Page 1 of 1

Warning in aggregator stage (Hash table has grown etc..)

Posted: Tue Jan 04, 2011 2:10 pm
by Marley777
Hi, thanks for reading. Getting the following warning.

agg_UWMargin,0: Hash table has grown to 16384 entries. [groupby/hashgroup2.C:966]

So I changed the method to 'sort' instead of 'hash' and the warning went away. However I'm worried that when running on a 4 node config file and method=sort, the data will not be partitioned correctly..thought that was method=hash would do? Do I need to do anything extra in teh aggregator stage to make sure the data is sorted and partitioned (spread accross the nodes) correctly??
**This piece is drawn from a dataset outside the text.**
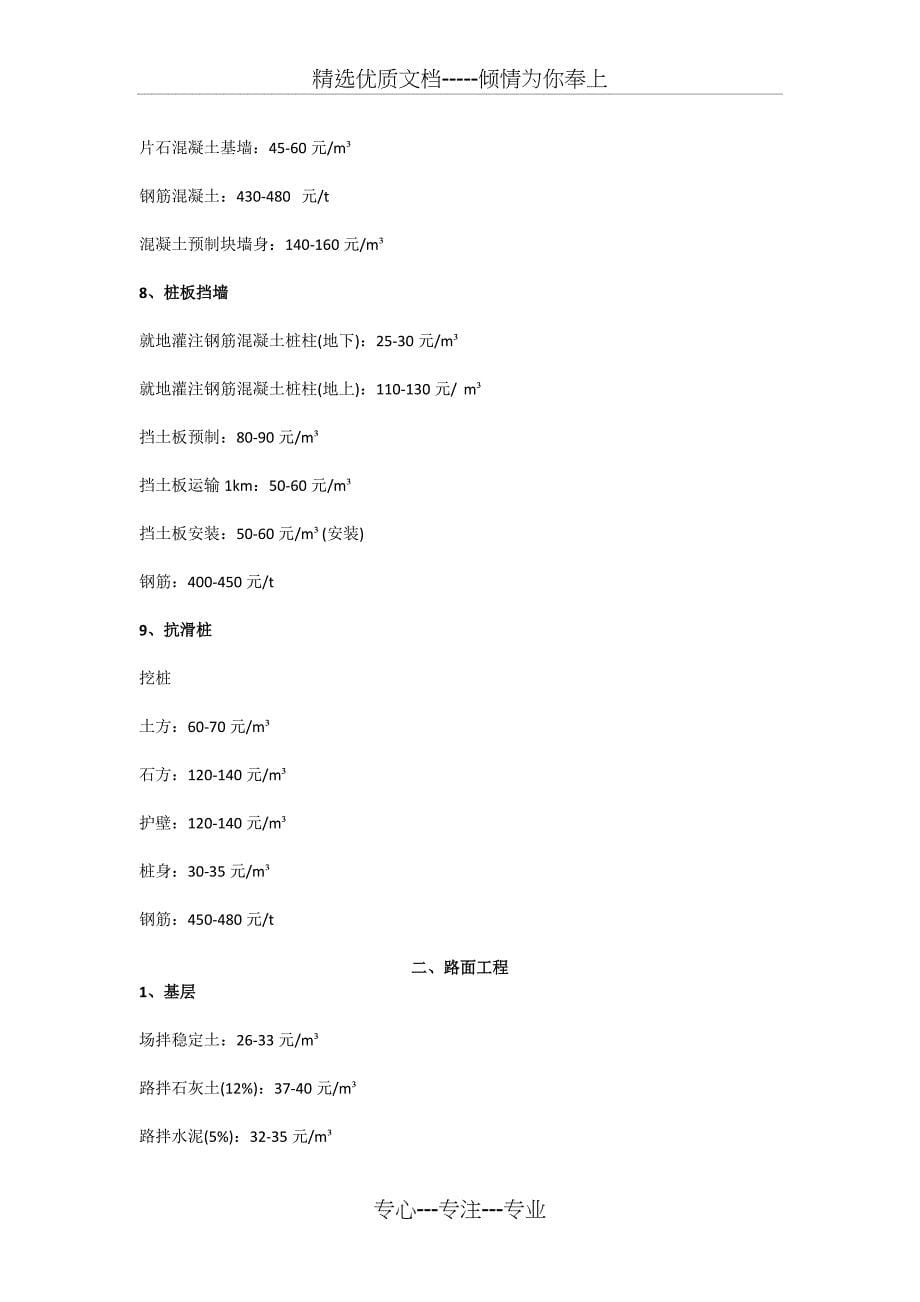 路基、桥梁、隧道的清包工指导价_第5页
Here is how my env variable are set
APT_NO_SORT_INSERTION = FALSE
APT_NO_PART_INSERTION = FALSE

Posted: Tue Jan 04, 2011 3:11 pm
by ray.wurlod
The data have to be partitioned on the first grouping key and sorted on all the grouping keys when sort method is used. But your environment variables prevent DataStage from inserting tsort and partitioner operators to achieve this, so YOU must do the explicit sorting and partitioning.

Posted: Tue Jan 04, 2011 3:32 pm
by Marley777
Ray,

1- I can do this on the partitioning tab correct?

2- I have 4 key fields, can I use 'usage=sorting, partitioning' on all 4 fields?

I want to sum totals for a 4 field key grouping, thinking they will all have to be on the same partition, and usage 'sorting partitioning' will take care of this for me?

Posted: Tue Jan 04, 2011 5:01 pm
by ray.wurlod
Only partition on the first of the fields, provided that this generates enough distinct values to cover all your processing nodes. Sort on all four.